The fantasy of touch-as-equaliser only works if you assume the participants arrive with roughly the same hands, attached to roughly the same bodies, with roughly the same default routes from sensation to meaning. A summit that gathers Silicon Valley engineers and contemplative monks has already filtered for that. What it stages as a great democratic encounter with matter is in fact a very narrow encounter — between people whose hands have mostly typed and prayed.
I thought about a ceramicist named Lisette Schumacher, who lost most of her sight in her thirties and now teaches blind and partially sighted potters in Rotterdam. I went to one of her classes in November 2024 because a friend was taking it. I wanted to observe how potters work without sight, to understand what the summit was claiming to discover about touch and embodied knowledge. Schumacher said something offhand while she was checking a student’s bowl by running two fingers around the rim: “Sighted potters look up from the wheel constantly. They check the pot against a picture in their head. My students never do that. They are inside the pot the whole time.” She said it the way you would mention the weather. She was not making a point. She was describing a craft.
That is the sentence the Oxford summit needed and did not have. The summit’s central claim was that touch offers a universal form of knowing that levels all participants. But Schumacher was technically correct about something more specific: knowledge that runs through the hand without detouring through the eye is not a humbling exception to ordinary cognition. It is a different cognitive economy, and it has practitioners, and the practitioners have been refining it for longer than the field of machine learning has existed.
Here is the part that should bother anyone interested in what AI is becoming. The current generation of large models is trained almost entirely on text and image — on the two senses that the people building them trust most. Touch, proprioception, the felt weight of a thing in the hand: these are absent from the training data not because they are unimportant but because the builders do not know how to write them down. A summit that wants to introduce the engineers to non-textual knowing and then frames that knowing as a universal reset has reproduced the exact bias it set out to interrupt. It has treated the most embodied sense as if it were the most generic one.

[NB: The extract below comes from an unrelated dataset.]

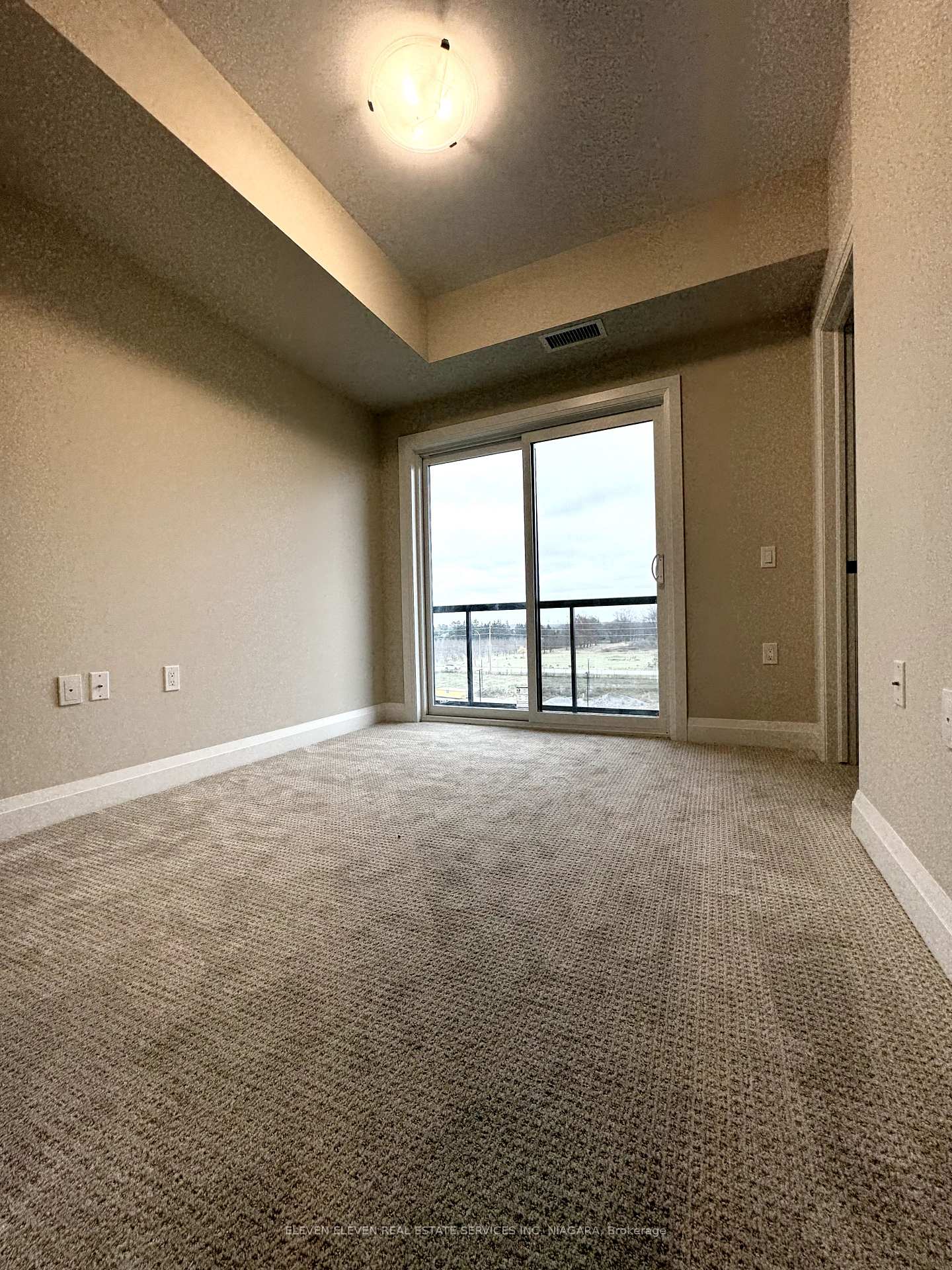 Photo 22 of Unit 405, 118 Summersides Boulevard, Pelham, Fonthill — HOMEH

The blind ceramicist was not invited. Neither was the potter with rheumatoid arthritis whose hands hurt in a particular way that has taught her exactly how much pressure clay will tolerate. Neither was the wheelchair user who throws from a seated position and has worked out, over years, how the whole body torques into the wrist. Their absence is not an oversight to be corrected by next year’s guest list. Their absence is the condition that lets the summit’s central metaphor work at all.
Devlin’s bell is a beautiful object. The clay is genuinely 160 million years old. The instinct to put hands on matter before talking about ethics is right. I would go if invited, and I would probably cry a little, and I would learn something.
I would also notice, the way you notice a small stone in your shoe, that the room had been arranged so that everyone’s hands could agree.
Outside the plantain stall my tyres were soft, and I checked them by hand, the way I do every Tuesday, and the rubber told me what it tells me, and I did not need a word for it.